At the end of the day the unions are there to defend French capitalism, just as everywhere else they defend their own national capital. And like everywhere else today this means persuading workers somehow or other to make sacrifices for the sake of 'economic growth', 'reducing state spending' or whatever. Wage cuts, lower pensions, fewer welfare services, endless job losses, insecure ('flexible') and harsher working conditions, tax increases, inflation: there is no future for the working class in the existing world order. Sooner or later the world's exploited are going to have to take things into their own hands and get rid of this blood-sucking monster which is wrecking the planet and increasing the wealth of the rich while the poor get poorer and the poorest starve to death.

Organise politically

This might seem a long way from the actions taken by 2 million or so public sector workers inside one European state but, whatever the outcome, these actions have been a reminder to governments everywhere that the working class is not dead. For revolutionaries they have given us a glimpse of the future that could become reality once the international working class realises its strength. By this we don't just mean extending the struggle to include workers from other sectors and in other countries. With more confidence this will happen anyway, as the outburst of transport workers' strikes in Belgium during the French strikes showed. However, an outburst of working class anger and maybe the overthrow of a government is one thing, the conscious attempt to overthrow the existing system and establish a different kind of society is another.

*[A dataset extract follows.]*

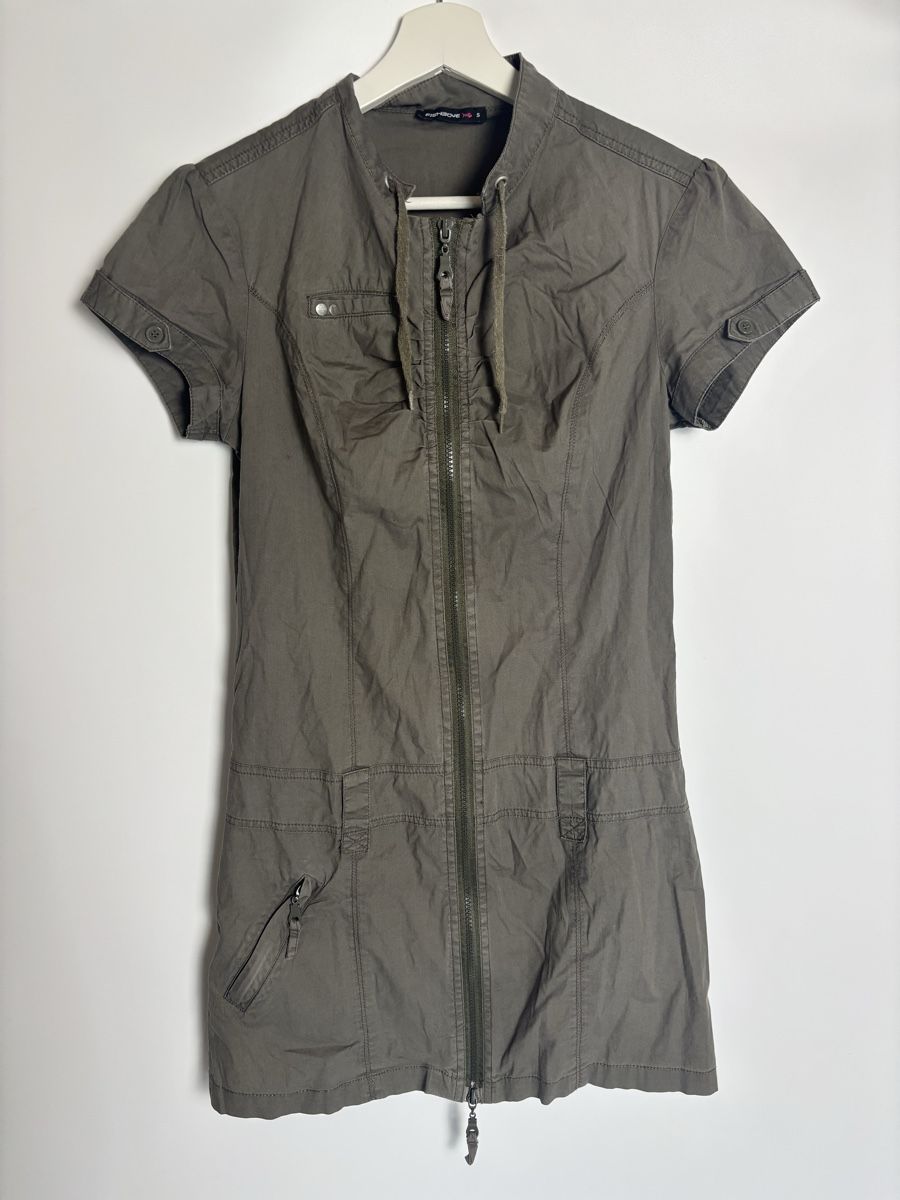 Vestiti: Fishbone 2000s dress – Usato da Leissigen venduto da lamooniade 1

Before this can happen the struggle has to be taken onto revolutionary political ground. This can never be done by any of the organisations which today claim to represent the working class: revamped social democrats who long ago put 'social peace' before workers' lives, newly-democratised Stalinist parties, Trotskyists who have never realised the difference between state capitalism and communism, not to mention the trades unions whose very existence depends on the survival of wage labour and exploitation. What's needed is a genuinely internationalist organisation to revive the historic programme of worldwide communist revolution. This will counter in words and deeds all the reactionary ideologies pedalled inside the working class. It will lead a working class offensive against capitalism rather than defensive struggles. Such an organisation won't come into being overnight. There will have to be a process of discussion, clarification of ideas and political debate about what communism is and how to get there, based on the lessons of previous struggles. And previous struggles have shown that an experience like the one that has just occurred in France is a fertile source of political questioning amongst an advanced minority of the working class.